Back

/ 2 min read

Building Your Own Spark UI

Last Updated:

Debugging Apache Spark jobs can be challenging. The Spark UI is one of the most crucial tools at your disposal for quickly investigating issues. In this guide, we’ll walk through setting up a local Spark environment and submitting a test job.

Environment Setup

First, let’s install Apache Spark from binaries. We’ll use version 3.2.2 for this tutorial.

Prerequisites

Install Java 11 (Zulu distribution) using SDKMAN:

Terminal window
curl -s "https://get.sdkman.io" | bash
sdk list java
sdk install java 11.0.17-zulu

Installing and Starting Spark

  1. Download and extract Spark:
Terminal window
wget https://downloads.apache.org/spark/spark-3.2.2/spark-3.2.2-bin-hadoop3.2.tgz
tar -xvzf spark-3.2.2-bin-hadoop3.2.tgz
cd spark-3.2.2-bin-hadoop3.2/sbin
  1. Start a standalone Spark cluster:
Terminal window
./start-master.sh
  1. Open http://localhost:8080 in your browser to verify the Spark Master UI is running.

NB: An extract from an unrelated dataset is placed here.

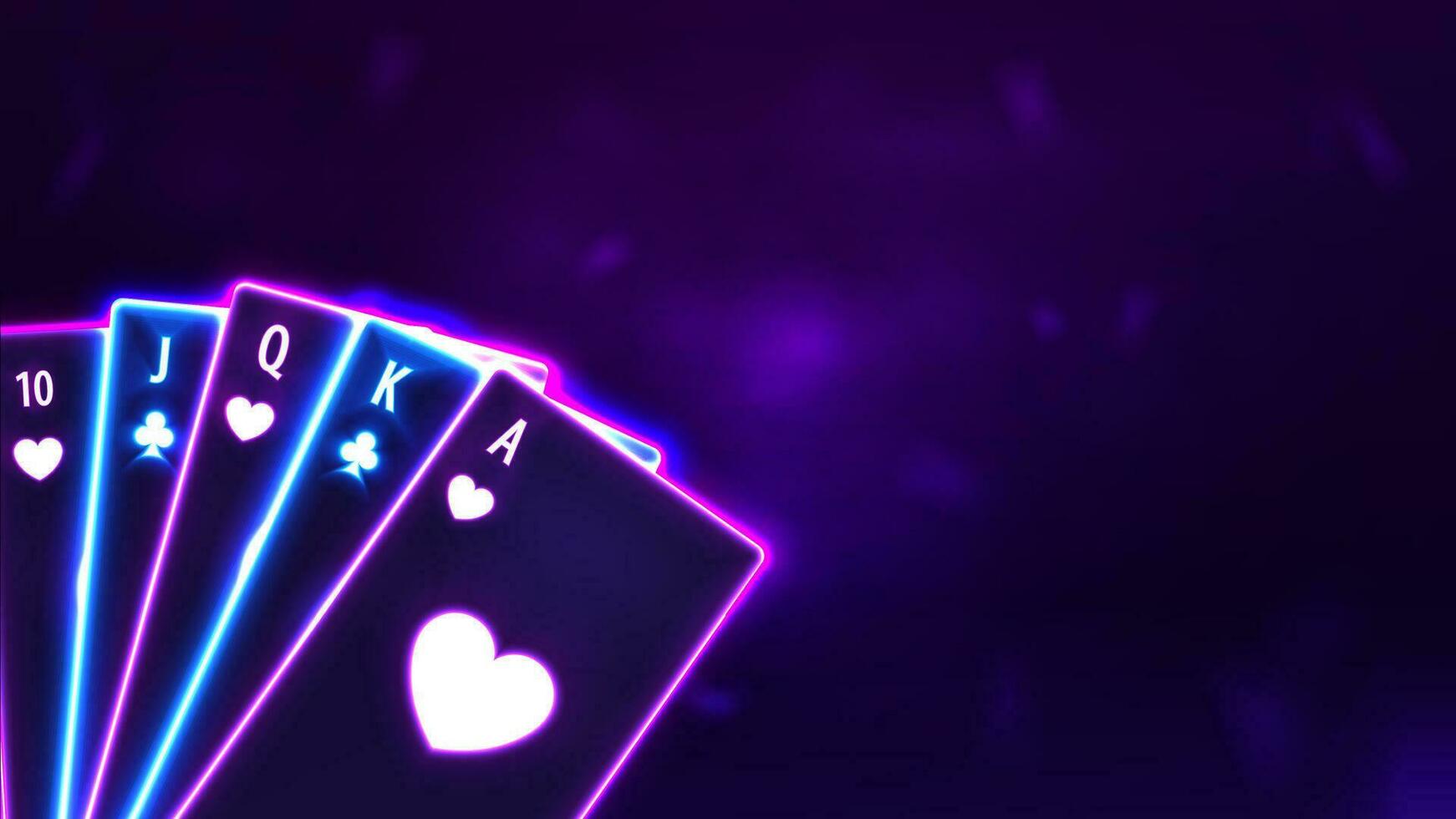 Casino background design with neon playing cards on purple background. vector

  2. Start a Spark worker (replace Sais-Air:7077 with your master URL):

Terminal window
./start-worker.sh spark://Sais-Air:7077

You should now see a worker registered in the Master UI.

Submitting a Test Job

Let’s submit a sample job to ensure everything is working correctly:

Terminal window
./bin/spark-submit \
--class org.apache.spark.examples.SparkPi \
--master spark://Sais-Air:7077 \
examples/jars/*-examples_*.jar \
1000

This job calculates Pi using Spark.

Troubleshooting

If you’re using Java 17.0.5-zulu, you may encounter an error: cannot access class sun.nio.ch.DirectBuffer. To fix this, add the --driver-java-options flag to your spark-submit command:

Terminal window
./bin/spark-submit \
--driver-java-options "--add-opens=java.base/sun.nio.ch=ALL-UNNAMED" \
--class org.apache.spark.examples.SparkPi \
--master spark://Sais-Air:7077 \
examples/jars/*-examples_*.jar \
1000

Conclusion

You now have a working Spark environment with the Master UI accessible at http://localhost:8080. This setup allows you to experiment with Spark jobs and utilize the Spark UI for debugging and performance analysis.

In future posts, we’ll dive deeper into using the Spark UI for performance tuning and troubleshooting common issues in Spark applications.

Additional Resources

Remember to stop your Spark cluster when you’re done by running ./stop-master.sh and ./stop-worker.sh in the sbin directory.